Let $B_t$ a standard real valued Brownian motion, its running minimum $s_t \triangleq \min \limits_{0 \leq s \leq t} B_s$ and running maximum $S_t \triangleq \max \limits_{0 \leq s \leq t} B_s$. From Revuz Yor p.111, we know that for any Borel set $E \in \mathcal{B}([a,b])$, $$ \mathbb{P}(B_t \in E, a \leq s_t < S_t \leq b) = \int_E k(x) {\rm d} x $$ where $$ k(x) \triangleq \frac{1}{\sqrt{2 \pi t}}\sum \limits_{j \in \mathbb{Z}} f_j(x,a,b) $$ and for each $j$ $$ f_j(x,a,b) \triangleq \exp \left (-\frac{1}{2t}g_j(x,a,b)^2 \right ) - \exp \left (-\frac{1}{2t}\left (g_j(x,a,b) - 2b \right )^2 \right ) $$ and $g_j(x,a,b) \triangleq x+2j(b-a)$.
Question: Can we find a function $\hat k(x,\mathfrak{z}_1,\mathfrak{z}_2)$ such that $$ k(x) = \int_a^\infty \int_{\mathfrak{z}_1}^b \hat k(x,\mathfrak{z}_1,\mathfrak{z}_2) {\rm d} \mathfrak{z}_2 {\rm d} \mathfrak{z}_1? $$ In that case, the function $\hat k$ is the joint density of the triple $(B_t,s_t,S_t)$.

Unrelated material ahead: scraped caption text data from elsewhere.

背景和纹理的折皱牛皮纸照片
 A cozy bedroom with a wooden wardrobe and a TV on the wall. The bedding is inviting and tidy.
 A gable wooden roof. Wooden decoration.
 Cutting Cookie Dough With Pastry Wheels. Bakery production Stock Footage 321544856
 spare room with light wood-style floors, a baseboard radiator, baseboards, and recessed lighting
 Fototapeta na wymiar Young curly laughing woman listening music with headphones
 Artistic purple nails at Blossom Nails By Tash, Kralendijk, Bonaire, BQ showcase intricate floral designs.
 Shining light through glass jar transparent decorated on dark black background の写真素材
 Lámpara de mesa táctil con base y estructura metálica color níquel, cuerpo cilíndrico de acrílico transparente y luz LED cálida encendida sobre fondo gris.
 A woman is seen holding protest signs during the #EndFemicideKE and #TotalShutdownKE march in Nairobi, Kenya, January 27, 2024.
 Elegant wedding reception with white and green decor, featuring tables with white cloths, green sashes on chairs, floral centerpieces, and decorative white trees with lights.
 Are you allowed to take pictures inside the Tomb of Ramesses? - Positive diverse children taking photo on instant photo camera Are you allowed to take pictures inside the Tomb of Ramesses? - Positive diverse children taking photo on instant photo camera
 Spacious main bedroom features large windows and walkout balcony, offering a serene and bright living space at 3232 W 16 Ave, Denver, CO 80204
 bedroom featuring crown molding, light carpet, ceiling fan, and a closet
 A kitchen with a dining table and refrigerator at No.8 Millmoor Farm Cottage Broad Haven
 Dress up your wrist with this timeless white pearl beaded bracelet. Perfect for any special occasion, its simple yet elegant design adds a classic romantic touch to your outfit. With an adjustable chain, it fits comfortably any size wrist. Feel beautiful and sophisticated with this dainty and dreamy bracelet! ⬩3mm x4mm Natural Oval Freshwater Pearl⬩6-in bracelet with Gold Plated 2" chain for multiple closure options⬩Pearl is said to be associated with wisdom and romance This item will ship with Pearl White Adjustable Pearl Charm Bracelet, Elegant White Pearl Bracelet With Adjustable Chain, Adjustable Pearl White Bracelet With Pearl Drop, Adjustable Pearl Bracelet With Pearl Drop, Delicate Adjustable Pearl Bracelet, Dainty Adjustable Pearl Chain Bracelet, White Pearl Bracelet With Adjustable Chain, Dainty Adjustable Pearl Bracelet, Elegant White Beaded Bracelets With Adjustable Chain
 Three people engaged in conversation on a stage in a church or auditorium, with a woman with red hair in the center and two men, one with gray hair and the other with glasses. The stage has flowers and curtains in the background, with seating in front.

heads up on (my) difficulties
Maybe I am missing something but it does not seem straightforward. If we proceed term by term in the series, we would like to find $\hat f_j(x,\mathfrak{z}_1,\mathfrak{z}_2)$ such that $$ f_j(x,a,b) = \int_a^\infty \int_{\mathfrak{z}_1}^b \hat f_j(x,\mathfrak{z}_1,\mathfrak{z}_2) {\rm d} \mathfrak{z}_2 {\rm d} \mathfrak{z}_1, $$ thus $$ -\frac{\partial f_j}{\partial a}(x,a,b) = \int_a^b \hat f_j(x,a,\mathfrak{z}_2) {\rm d} \mathfrak{z}_2. $$ If we can find a function $\lambda_j(x,a,b)$ such that $$ -\frac{\partial f_j}{\partial a}(x,a,b) = \lambda_j(x,a,b) - \lambda_j(x,a,a), $$ then $\hat f_j$ must be $\frac{ \partial \lambda_j}{\partial b}$. If I am not mistaken, the problem is to find such a function $\lambda_j$.
From the formula $$ \mathbb{P}(B_t \in E, a \leq s_t < S_t \leq b) = \int_E k(x,a,b) {\rm d} x $$ where $$ k(x,a,b) \triangleq \frac{1}{\sqrt{2 \pi t}}\sum \limits_{j \in \mathbb{Z}} f_j(x,a,b) $$ you deduce directly that the joint density is $$\hat{k}(x,a,b)=-\frac{\partial^2 k}{\partial a \, \partial b} (x,a,b) $$ for $a<x<b$, as long as this partial derivative is continuous (which it is).